PS5 Pro owners will soon get an improved PSSR AI upscaler, while PC gamers with RDNA 2 and 3 GPUs are still praying for AMD to add official support for FSR 4
You might not be fully aware of this, but PC gamers with RDNA-based GPUs in their graphics cards share quite a lot in common with anyone who has a PlayStation 5 or PS5 Pro. That's because there are quite a few architectural features common to both. However, while only RDNA 4 users officially get FSR 4, PS5 Pro gamers will soon be getting an updated version of Sony's PSSR upscaler, with Resident Evil Requiem being the first game to use it.
If your reaction to this is 'so what?', it's worth bearing in mind that FSR 4 and PSSR (PlayStation Spectral Super Resolution) stem from Project Amethyst, a joint venture between AMD and Sony for bringing AI-powered upscaling to consoles and PCs alike.
Now, it is important to note that FSR 4 and PSSR aren't the same thing. I'm sure there are some similarities between the fundamental algorithms in both, but AMD's upscaler is designed to be used on GPUs that sport a huge L3 cache, along with a copious amount of VRAM and bandwidth. PSSR, on the other hand, has to run on what's essentially an integrated GPU, albeit a very beefy one, that doesn't have any L3 cache and a shared memory pool.
More importantly, RDNA 4 GPUs have dedicated units for processing the matrix instructions used in the AI parts of FSR 4, whereas the PS5 Pro doesn't. It runs all the calculations via the 'normal' compute units.
Anyway, the point I've wandered away from here is that despite modders getting FSR 4 to run on RDNA 2 GPUs, AMD still hasn't offered any official support for older architectures. Even though it clearly works on such graphics chips.

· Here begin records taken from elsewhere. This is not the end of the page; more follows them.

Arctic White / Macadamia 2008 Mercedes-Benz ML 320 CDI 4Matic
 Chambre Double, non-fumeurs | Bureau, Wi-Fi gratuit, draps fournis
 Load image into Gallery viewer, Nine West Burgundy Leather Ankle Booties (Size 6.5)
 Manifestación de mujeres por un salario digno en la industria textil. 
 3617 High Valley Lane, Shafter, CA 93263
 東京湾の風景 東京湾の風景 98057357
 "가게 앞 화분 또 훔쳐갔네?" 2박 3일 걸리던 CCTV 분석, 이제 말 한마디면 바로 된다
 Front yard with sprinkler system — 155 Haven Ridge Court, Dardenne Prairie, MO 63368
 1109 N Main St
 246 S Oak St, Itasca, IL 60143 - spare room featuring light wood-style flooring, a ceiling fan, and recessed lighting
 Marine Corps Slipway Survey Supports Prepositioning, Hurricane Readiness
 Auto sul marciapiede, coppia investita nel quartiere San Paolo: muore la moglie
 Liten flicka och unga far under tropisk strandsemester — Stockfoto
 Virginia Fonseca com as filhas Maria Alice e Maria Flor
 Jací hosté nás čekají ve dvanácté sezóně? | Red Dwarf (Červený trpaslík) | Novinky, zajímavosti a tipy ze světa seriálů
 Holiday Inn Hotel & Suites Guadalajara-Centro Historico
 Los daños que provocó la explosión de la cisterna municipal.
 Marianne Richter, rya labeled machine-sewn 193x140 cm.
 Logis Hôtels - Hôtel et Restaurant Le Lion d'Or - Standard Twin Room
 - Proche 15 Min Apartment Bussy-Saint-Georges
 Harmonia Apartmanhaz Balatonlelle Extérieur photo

Sure, you don't get as big a performance boost as you would using an equivalent Radeon RX 9000-series card, but if 'FSR 4' can be made to work on a PS5 Pro as well, which has RDNA 2-type compute units, then surely there's no reason for it not be properly supported on RX 6000 or 7000-series graphics cards.
From a business perspective, there is one very good reason, of course: FSR 4 helps sell RX 9060 and 9070 cards. And given AMD's relative share of the discrete GPU market, every little advantage to shift a few more boxes is always going to be taken. And to continue being fair to AMD, it's not like the standard PS5 supports PSSR, because it doesn't.
I suspect by now that AMD isn't going update FSR 4 to add official support for pre-RDNA 4 GPUs, so while PS5 Pro gamers will soon get to enjoy Resident Evil Requiem with a touch nicer graphics, Team Red fans on PC will have to make do with good old FSR 3.1. Fortunately for them, it's actually very well implemented in the game, especially the frame generation part of the tech package.